Düsseldorf. Mangel an Platz, Geld und Personal: Die Städte schieben massig Asylanträge vor sich her. Der Städtebund sieht Flüchtlinge als Bundessache.
Die Städte fordern eine beschleunigte Bearbeitung der 130.000 unerledigten Asylanträge sowie eine schnelle Rückführung der rechtskräftig abgelehnten Asylbewerber in die Heimat. Der Hauptgeschäftsführer des NRW-Städte- und Gemeindebundes, Bernd Jürgen Schneider, beklagt, dass Asylverfahren durchschnittlich sieben Monate dauern.
Frage: Wie können Kommunen den Ansturm an Flüchtlingen bewältigen?
Bernd Jürgen Schneider: Die Kommunen unternehmen alles, um Flüchtlinge, die oft traumatisiert nach einer langen Flucht bei uns ankommen, menschenwürdig unterzubringen. Viele Flüchtlinge müssen aber medizinisch und psychologisch betreut werden. Das kostet viel Geld.
Was kann, was muss das Land tun?
Schneider: Das Land muss die Plätze in den Aufnahme-Einrichtungen von 6.400 auf 20.000 verdreifachen. Nur dann ist gewährleistet, dass Flüchtlinge nicht einfach zu Kommunen durchgereicht werden, sondern vorher registriert und medizinisch wie psychologisch betreut werden. Es kann nicht sein, dass Flüchtlinge schon nach wenigen Tagen in Landeseinrichtungen den Kommunen zugewiesen werden.
Wie sieht es mit den versprochenen Finanzhilfen aus?

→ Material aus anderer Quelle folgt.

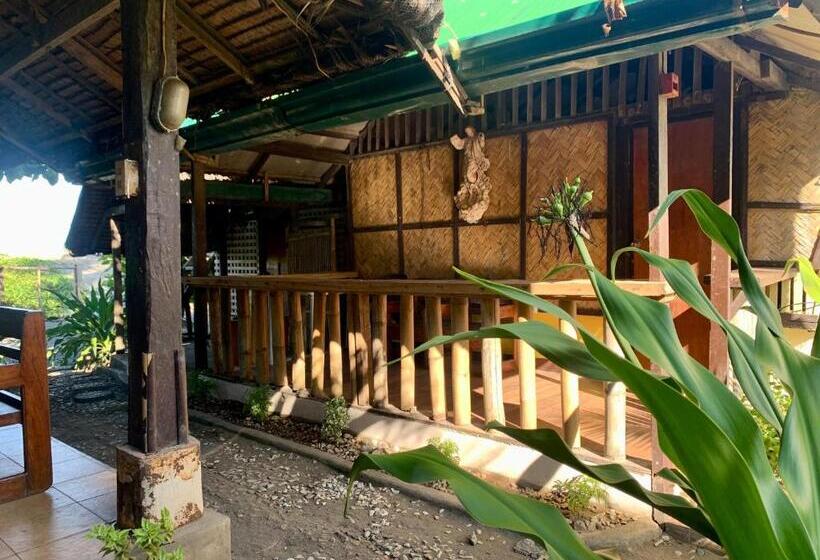 هتل Old Parola Seaside Inn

Schneider: Das Land möchte seine Hilfen für Kommunen um 40 Millionen Euro aufstocken. Das reicht bei weitem nicht aus. Wir fordern eine hundertprozentige Kostenerstattung wie in vielen anderen Ländern. Das gilt vor allem für Krankheitskosten. Der Vorschlag des Landes, nur Kosten über 70.000 Euro zu erstatten, wäre ein Tropfen auf den heißen Stein. Vor allem Gemeinden im Stärkungspakt sind nicht in der Lage, steigende Kosten für Flüchtlinge allein zu tragen.

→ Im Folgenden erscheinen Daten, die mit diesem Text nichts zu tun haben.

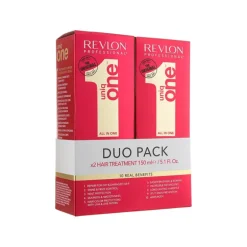 UNIQ ONE ORIGINAL DUO PACK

Wie müsste eine Hilfe des Bundes aussehen?
Schneider: Die Unterbringung von Flüchtlingen ist eine gesamtstaatliche Aufgabe. Deshalb ist der Bund in der Pflicht,einen angemessenen Finanzierungsteil zu übernehmen. Die Änderung baurechtlicher Vorschriften für den Bau von Flüchtlingsheimen reicht nicht aus. Das Angebot des Bundes, Ländern und Kommunen 2015 und 2016 jeweils 500 Millionen Euro zur Verfügung zu stellen, ist ein richtiger Schritt. Der Bund muss sich aber auch an Krankheitskosten dauerhaft beteiligen.
Was muss der Bund neben finanziellen Hilfen noch unternehmen?
Schneider: Er muss sein Personal aufstocken, um den Berg von 130.000 unerledigten Asylanträgen schnell abzuarbeiten. Asylverfahren müssen beschleunigt werden, denn im Moment dauert die Bearbeitung eines Asylantrags durchschnittlich sieben Monate. Wir müssen helfen, aber nicht allen. Die Flüchtlinge aus sicheren Drittstaaten müssen schnell in ihre Heimat zurückgeführt werden. Das gilt auch für rechtskräftig abgelehnte Asylbewerber. Nur so sind wir in der Lage, Hilfe auf die wirklich Bedürftigen zu konzentrieren. Alles andere würde die Akzeptanz in der Bevölkerung schwinden lassen und die Finanzkraft der Kommunen überstrapazieren. Daneben kann der Bund Länder und Kommunen entlasten, indem er leerstehende Gebäude für die Unterbringung öffnet.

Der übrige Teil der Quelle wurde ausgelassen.